L’AMF a publié, le 7 janvier 2016, un avis rappelant que « toute rémunération générée par des activités en valeurs mobilières doit obligatoirement être versée à une personne (société ou individu) inscrite en vertu de la Loi sur les valeurs mobilières (LVM) ».
C’est-à-dire que toute rémunération qui est générée pour une discipline de valeur mobilière, donc l’épargne collective dans le cas qui nous occupe, ne peut être versée qu’à deux personnes, soit le courtier inscrit ou le représentant de courtier inscrit. Est-ce à dire que cet avis disqualifie dorénavant un cabinet inscrit sous la Loi sur la distribution de produits et services financiers (LDPSF) ?
Les succursales
Au Québec, la structure de nombreux courtiers indépendants comprend l’usage de succursales. Ces succursales offrent des services administratifs aux représentants et aux courtiers, mais sans être des représentants de courtiers inscrits, ni davantage des courtiers inscrits. L’avis émis par l’AMF fait-il état d’une interprétation interdisant la rémunération effectuée à ces succursales pour les services quelles rendent ?
Jusqu’ici, l’interprétation de l’AMF sur la législation et la réglementation touchant le rapport aux succursales ne soulevait aucun problème. L’avis est pour le moins ambigu sur la question et mériterait d’être précisé. Au moment de mettre en ligne le présent article, l’AMF n’avait pas répondu aux questions de Finances et Investissement sur le sujet.

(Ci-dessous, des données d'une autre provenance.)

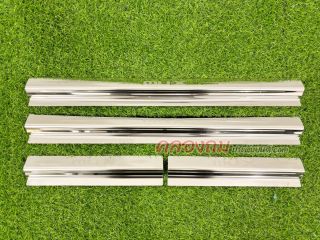 ชายบันได MU-X 2014-2020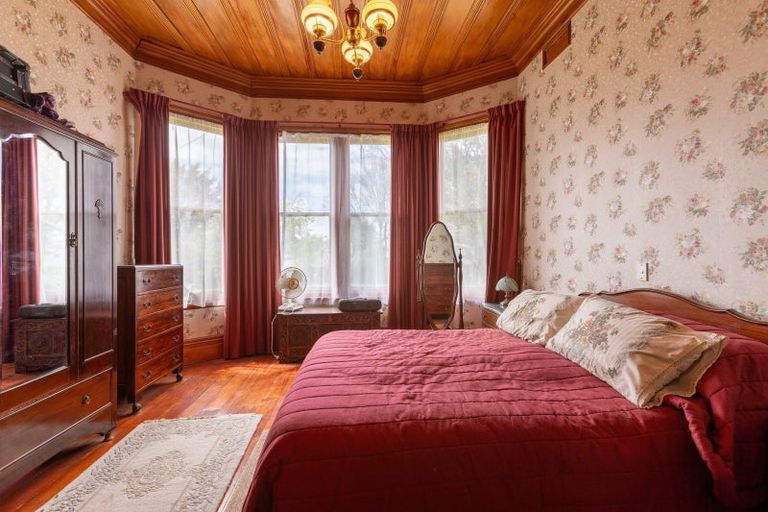 Photo of property in 36 Swinburn Street, Dannevirke, 4930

Incorporation des représentants
L’enjeu qui est ciblé par l’AMF avec cet avis demeure néanmoins celui de l‘incorporation des représentants.
« Il s’agit d’un débat tout à fait valable qu’il faudrait régler une bonne fois pour toutes. Tout le monde a le droit de s’incorporer, sauf les disciplines de valeur mobilière. C’est inéquitable et ça crée une distorsion dans le marché », mentionne Maxime Gauthier, chef de la conformité et représentant en épargne collective chez Mérici Services financiers.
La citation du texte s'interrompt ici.